A model explaining the changes in air radiation dose rate due to rainfall
The 2011 Fukushima Dai-ichi Nuclear Power Plant accident caused the release and deposition of radionuclides, resulting in an increase in air dose rates in the forests of Fukushima Prefecture. Despite the steady long-term reduction in air dose rates because of physical attenuation and decontamination, temporary changes, such as a decrease in air dose rates after rainfall and an increase during dry weather, were observed causing apprehension among local residents.
The post-rainfall decrease in air dose rates is presumably caused by the enhanced radiation shielding effect, owing to increased soil moisture content. However, to date, no research has quantified the effects of soil moisture on air dose rates.

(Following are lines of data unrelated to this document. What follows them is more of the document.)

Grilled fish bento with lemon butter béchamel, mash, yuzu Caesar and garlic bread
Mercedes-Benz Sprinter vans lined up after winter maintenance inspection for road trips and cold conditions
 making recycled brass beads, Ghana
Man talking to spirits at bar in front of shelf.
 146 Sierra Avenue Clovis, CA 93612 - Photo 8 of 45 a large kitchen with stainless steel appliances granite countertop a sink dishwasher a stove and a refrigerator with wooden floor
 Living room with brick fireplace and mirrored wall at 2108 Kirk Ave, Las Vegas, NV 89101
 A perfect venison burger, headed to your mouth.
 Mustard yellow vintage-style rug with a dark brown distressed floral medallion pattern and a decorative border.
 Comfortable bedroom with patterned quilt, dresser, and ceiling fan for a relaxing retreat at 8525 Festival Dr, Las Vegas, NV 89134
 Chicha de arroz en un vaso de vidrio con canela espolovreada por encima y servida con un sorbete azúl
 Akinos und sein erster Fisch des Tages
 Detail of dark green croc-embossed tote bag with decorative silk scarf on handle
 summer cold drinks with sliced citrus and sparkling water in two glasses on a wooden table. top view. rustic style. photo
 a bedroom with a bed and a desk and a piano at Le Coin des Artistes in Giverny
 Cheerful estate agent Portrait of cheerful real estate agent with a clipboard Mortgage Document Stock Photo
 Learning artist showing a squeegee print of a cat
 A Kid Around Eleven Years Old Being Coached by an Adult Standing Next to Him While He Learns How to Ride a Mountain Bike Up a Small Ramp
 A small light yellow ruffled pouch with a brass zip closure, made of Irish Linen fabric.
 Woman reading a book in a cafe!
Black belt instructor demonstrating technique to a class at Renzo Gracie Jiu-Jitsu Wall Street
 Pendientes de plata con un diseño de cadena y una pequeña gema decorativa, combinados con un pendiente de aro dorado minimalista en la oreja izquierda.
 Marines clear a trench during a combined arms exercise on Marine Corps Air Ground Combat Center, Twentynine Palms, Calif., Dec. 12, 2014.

Accordingly, this study developed a model for estimating the rainfall-induced variations in air dose rates based on the field observations of soil moisture content and air dose rates. Notably, this method enables estimation of air dose rates even when soil moisture data are absent.
Observations regarding air dose rates were conducted in two areas of the Fukushima Prefecture (Namie Town and Kawauchi Village).The findings are published in the journal Environmental Pollution.
In Namie Town, the air dose rate decreased with increasing soil moisture. The variations in air dose rates could be explained by the amount of rainfall. Similarly, in Kawauchi Village, the soil moisture could be estimated based on the effective rainfall. Although the air dose rate exhibited considerable variations, the trend of fluctuation could be estimated.
This approach can aid in accurately quantifying the long-term decreasing trend of air dose rates by eliminating the effects of rainfall, thereby providing an accurate assessment of the environmental recovery of Fukushima.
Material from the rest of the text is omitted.